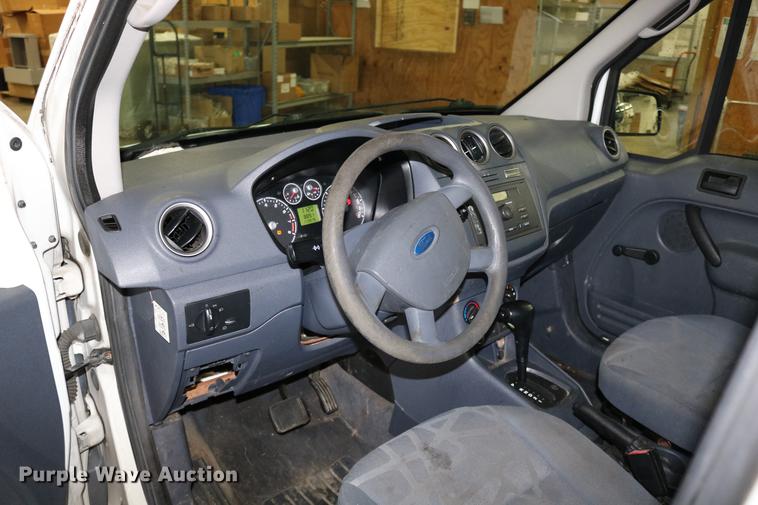 image for item DC3696 2010 Ford Transit Connect van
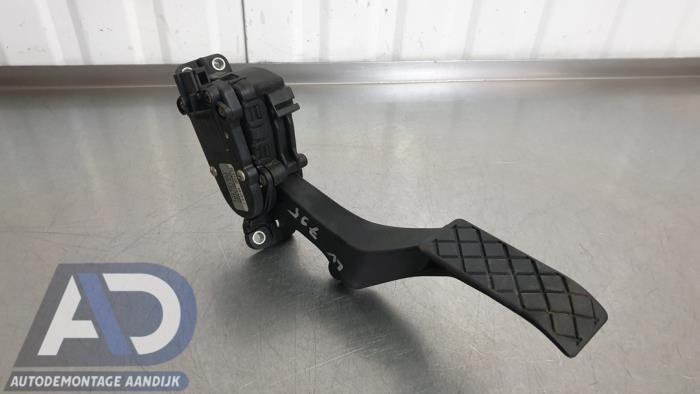 Gebruikte Sensor Gaspedaalpositie Volkswagen Multivan T5 (7E/7HC/7HF/7HM) 2.5 TDi Prijs € 19,99 Margeregeling aangeboden door Autodemontage Aandijk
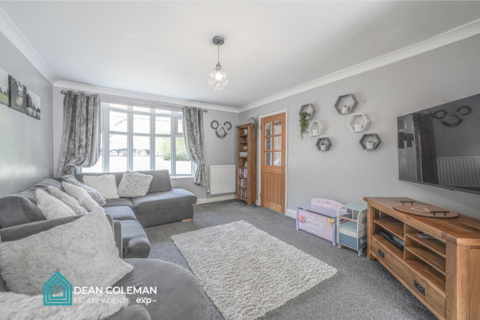 40 Chalgrove Avenue, Birmingham, B38 8YP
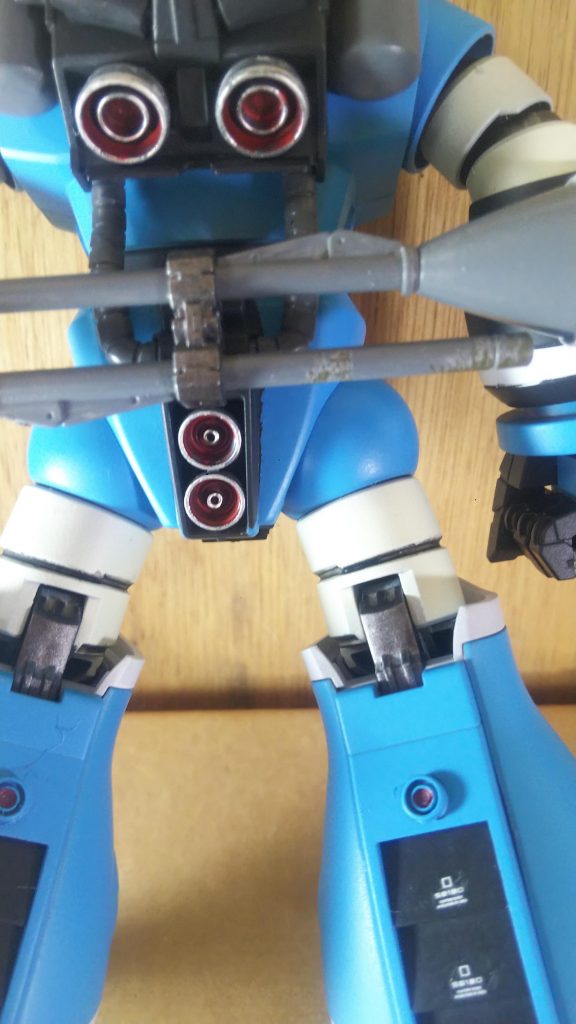 バーニア内部にチリカビーズと言う手芸用品を使いました。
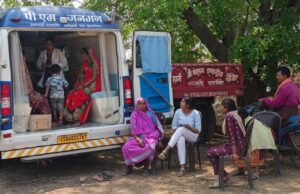 वनांचलों की ‘संजीवनी’ बनी मोबाइल मेडिकल यूनिट: साढ़े तीन माह में 2000 से अधिक ग्रामीणों का हुआ निःशुल्क उपचार
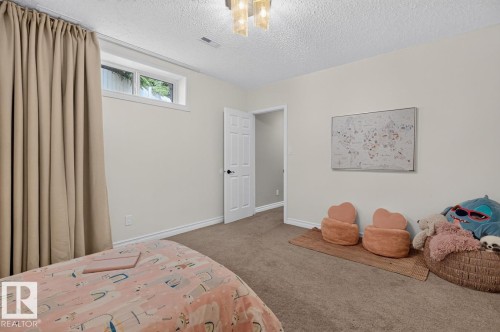 9 Baker Place, Leduc, AB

:::::

# Task description
Working from the records above, reproduce exactly the lines from the one with "40 Chalgrove Avenue, Birmingham, B38 8YP" through the last line, without the pictures.

# Solution
 40 Chalgrove Avenue, Birmingham, B38 8YP
 バーニア内部にチリカビーズと言う手芸用品を使いました。
 वनांचलों की ‘संजीवनी’ बनी मोबाइल मेडिकल यूनिट: साढ़े तीन माह में 2000 से अधिक ग्रामीणों का हुआ निःशुल्क उपचार
 9 Baker Place, Leduc, AB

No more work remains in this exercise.